Qwen3.5 122B on Stix Halo
Since qwen3.5 was rereleased will this one need to be, I had issues with unslot buy yours has been superb so far on my strix halo.
Please do what do did here to glm4.7-flash, gpt-oss-120b, and qwen3.5-35b.. others. You are the master IMO.
Since qwen3.5 was rereleased will this one need to be
qwen 3.5 was not re-released, that was a problem with unsloth's quantization method that doesn't affect my own. I use bartowski's calibration data and fixed tensor types
glm4.7-flash, gpt-oss-120b, and qwen3.5-35b
The homogeneous Q8_0 size of all of these models is <100GiB so there's not much point in making a mixed quant like I did here because PP will probably be worse.
To optimize for TG it's entirely a bandwidth issue so you just want to run as few bits as you're comfortable with, probably ~q5_k_s or the re-released unsloth dynamic quants.

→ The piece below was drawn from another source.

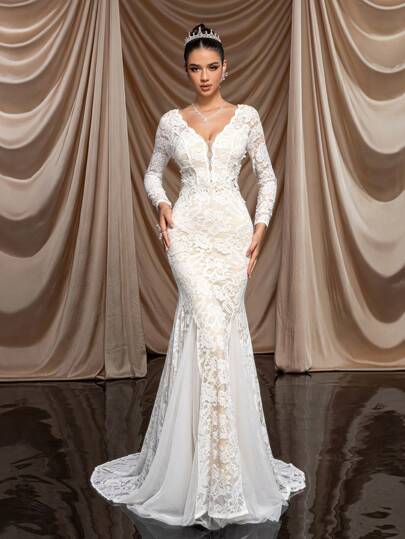 SHEIN Belle Elegant And Gorgeous White Contrasting Champagne Color V-Neck Sheer Long Sleeves Stretch Lace And Tulle Waist Luxury Embroidered Applique Decoration Sexy Sheer Backless Design Suitable For Wedding Events Holiday Parties Holiday Prom Night Floor Length Mermaid Wedding Dress Bridal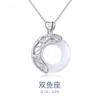 Collar de Mujer Plata 925 Celebridad Cibernética Cadena Clavícula Joyería Doce Constelaciones Simple Elegante Estilo Coreano Personalidad Colgante Moderno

I actually did end up re-quantizing it to dequantize the ssm alpha/beta layers like Bartowski did. only like +40MB
I cant understand why you're version of this isnt more popular I have had way more success speed etc with it than unsloth.. Oddly I am running with with llamacpp vulkan and not rocm. I cant seem to get it to load with fedora43 rocm stack :/...I'll tryharderlater.
I have mentioned it in the strix halo discord multiple times.
thank you for your focus on Strix Halo. Could you also publish a recommended Llama-server command?